Nachhaltigkeitsaspekte nach bisheriger Wertung des Bundeskartellamts

Das Kartellverbot nach § 1 GWB verbietet (vereinfacht gesagt) wettbewerbsbeschränkende Vereinbarungen, sofern diese nicht im Einzelfall gerechtfertigt werden können. Ob und inwieweit ein Bezug zu Nachhaltigkeit im Rahmen kartellrechtlicher Wertung zu gewichten ist, bleibt bislang jedoch einer Bewertung im konkreten Einzelfall überlassen. Nach diesem Maßstab wertet auch das BKartA, welches in der bisherigen Praxis einigen Nachhaltigkeitsinitiativen und -aspekten offen gegenüberstand.

So hatte sich das BKartA beispielsweise ab 2014 mit der Initiative Tierwohl befasst, ein Branchenbündnis aus Landwirtschaft, Fleischwirtschaft und Lebensmitteleinzelhandel. Die Initiative beabsichtigte teilnehmende Tierhalter für verbesserte Haltungsbedingungen zu honorieren, indem u.a. ein einheitlicher, verpflichtender Aufschlag („Tierwohlentgelt“) gezahlt wird.

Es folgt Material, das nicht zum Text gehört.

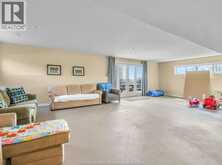 4970 TALBOT TRAIL | Chatham-Kent Ontario | Slide Image Thirty-three
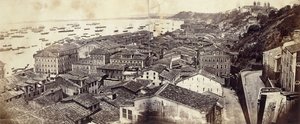 Bahia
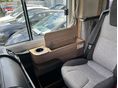 KNAUS 2024 - 28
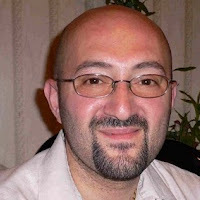 Kirk Koseyazicioglu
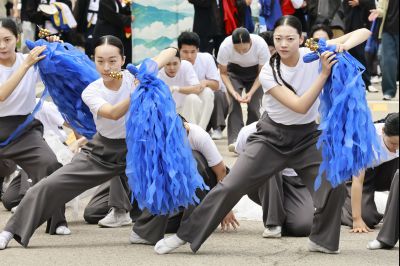 제16회 화성 뱃놀이 축제 2일차 현장 스케치 20260523 뱃놀이 축제 2일차_30_resize.jpg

Eben dieser Aufschlag führte zu wettbewerblichen Bedenken, welche das BKartA in der Einführungsphase aufgrund des Pioniercharakters der Initiative tolerierte, andererseits aber auch eine perspektivisch wettbewerbliche Ausgestaltung der Finanzierung forderte. Zum Jahr 2024 führte die Initiative eine unverbindliche Empfehlung für eine Finanzierung der mit den Tierwohlkriterien verbundenen Mehrkosten ein. Dies begrüßte das BKartA ausdrücklich, da ein Tierwohlentgelt nicht als unerlässlich für die Durchsetzung der Initiative und die Einhaltung von Tierwohl-Kriterien erscheine. Dafür sprach die zwischenzeitliche Etablierung der Initiative und der Existenz von Konkurrenzlabeln ohne verbindliche Preiselemente.

Wie auch in weiteren Fallgestaltungen zeigte das BKartA eine flexible Einstellung in der Berücksichtigung von Nachhaltigkeitsaspekten im Zusammenhang mit wettbewerbsbeschränkenden Kooperationen, beobachtet dabei aber die Entwicklung im Einzelfall. Eine klare Grenze ziehen die Wettbewerbshüter bei wettbewerbsrelevanten Themen wie Preise und Konditionen und dahingehenden Absprachen ohne konkreten Bezug zu oder nur unter dem Vorwand der Nachhaltigkeit. Das BKartA besteht auf ein Erreichen von Nachhaltigkeitszielen im Einklang mit dem Wettbewerb und den kartellrechtlichen Rahmenbedingungen. Kurzum: Der Zweck der Nachhaltigkeit heiligt nicht zwingend das Mittel der Wettbewerbsbeschränkung – der Einzelfall ist entscheidend.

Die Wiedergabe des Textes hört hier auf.